FLAT EARTH EXPERIMENT 14
Zetetic Astronomy: Earth Not a Globe
If a good theodolite is placed on the summit of Shooter’s Hill, in Kent, and levelled, the line of sight, on being directed to Hampstead Hill, will cut the cross on St. Paul’s Cathedral, and fall upon a part of Hampstead Hill, the altitude of which is the same as that of Shooter’s Hill. The altitude of each of these points is 412 feet above the Trinity high water mark, at London Bridge. The distance from Shooter’s Hill to St. Paul’s Cathedral is 7 statute miles, and from St. Paul’s to Hampstead Hill, 5 miles. If the earth is a globe, the line of sight from the “levelled” theodolite would be a tangent, below which St. Paul’s cross would be 32 feet, and Hampstead Hill 96 feet. The highest point of Hampstead Hill is 430 feet, which we find, on making the proper calculation, would be 78 feet below the summit of Shooter’s Hill; whereas, according to the Ordnance Survey, and as may be proved by experiment, the three points are in the same direct line; again demonstrating that the earth is a plane.
The diagrams, figs. 42 and 43, will show the difference
between the theory of rotundity and the results of actual survey. A, represents Hampstead Hill; C, St. Paul’s cross; B, Shooter’s Hill; and D, D, the datum line–the Trinity high water mark. In fig. 43, A, B, C, and D, D, represent the same points respectively as in fig. 42.
In the account of the trigonometrical operations in France, by M. M. Biot and Arago, it is stated that the light of a powerful lamp, with good reflectors, was placed on a rocky summit, in Spain, called Desierto las Palmas, and was distinctly seen from Camprey, on the Island of Iviza. The elevation of the two points was nearly the same, and the distance between them nearly 100 miles. If the earth is a globe, the light on the rock in Spain would have been more than 6600 feet, or nearly one mile and a quarter, below the line of sight.

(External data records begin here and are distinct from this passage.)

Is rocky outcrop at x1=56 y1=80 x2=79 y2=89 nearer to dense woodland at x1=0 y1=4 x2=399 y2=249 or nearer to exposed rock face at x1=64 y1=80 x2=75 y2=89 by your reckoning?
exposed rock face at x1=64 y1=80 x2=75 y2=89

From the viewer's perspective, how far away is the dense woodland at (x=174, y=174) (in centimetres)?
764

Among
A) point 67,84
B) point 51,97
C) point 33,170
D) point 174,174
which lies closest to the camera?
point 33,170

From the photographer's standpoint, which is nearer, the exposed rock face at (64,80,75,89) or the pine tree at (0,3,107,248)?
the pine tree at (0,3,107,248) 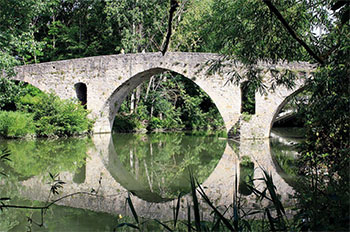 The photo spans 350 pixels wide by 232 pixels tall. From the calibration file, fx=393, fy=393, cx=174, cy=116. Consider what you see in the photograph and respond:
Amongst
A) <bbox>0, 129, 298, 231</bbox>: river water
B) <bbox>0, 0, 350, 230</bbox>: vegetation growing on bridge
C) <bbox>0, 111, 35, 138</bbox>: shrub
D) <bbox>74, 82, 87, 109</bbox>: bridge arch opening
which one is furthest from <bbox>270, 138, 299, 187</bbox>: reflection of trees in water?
<bbox>74, 82, 87, 109</bbox>: bridge arch opening

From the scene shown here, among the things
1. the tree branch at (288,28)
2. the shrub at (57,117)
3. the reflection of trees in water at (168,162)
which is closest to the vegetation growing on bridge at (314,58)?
the tree branch at (288,28)

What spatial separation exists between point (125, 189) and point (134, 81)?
921 centimetres

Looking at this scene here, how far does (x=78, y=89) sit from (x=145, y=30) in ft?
16.2

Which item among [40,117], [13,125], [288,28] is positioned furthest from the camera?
[40,117]

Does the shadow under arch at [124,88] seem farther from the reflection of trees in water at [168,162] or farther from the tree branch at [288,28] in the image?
the tree branch at [288,28]

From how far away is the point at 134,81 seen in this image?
570 inches

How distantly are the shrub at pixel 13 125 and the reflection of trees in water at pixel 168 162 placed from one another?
2950 mm

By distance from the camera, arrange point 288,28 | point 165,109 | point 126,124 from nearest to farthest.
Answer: point 288,28
point 126,124
point 165,109

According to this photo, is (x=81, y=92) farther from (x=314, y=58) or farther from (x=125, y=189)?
(x=314, y=58)

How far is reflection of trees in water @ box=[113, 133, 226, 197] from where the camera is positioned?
19.6ft

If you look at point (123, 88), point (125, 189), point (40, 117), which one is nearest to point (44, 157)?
point (125, 189)

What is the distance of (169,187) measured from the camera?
18.8 ft

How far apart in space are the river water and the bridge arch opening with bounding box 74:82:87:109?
3994mm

“The length of some of the sides of the great triangles (in the English survey) is upwards of 100 miles; and many means were employed to render the stations visible from each other at such great distances. The oxy-hydrogen, or Drummond’s Light, was employed in some instances; but a heliostat, for reflecting the sun’s rays in the direction of the distant observer, was more generally and successfully employed. Lieutenant-Colonel Portlock, R.E., who observed the station on Precelly, a mountain in South Wales, from the station on Kippure, a mountain about 10 miles south-west of Dublin–the distance between the stations being 108 miles–says: ‘For five weeks I watched in vain; when, to my joy, the heliostat blazed out in the early beams of the rising sun, and continued visible as a bright star the whole day.’” 1
Many other very long “sights” have been taken by surveyors of different countries, which upon a globe of 25,000 miles in circumference, would have been quite impossible; but with the demonstrated fact that the earth is a plane, are practical and consistent.
59:1 Handbook to the Official Catalogue of the Great Exhibition of 1851.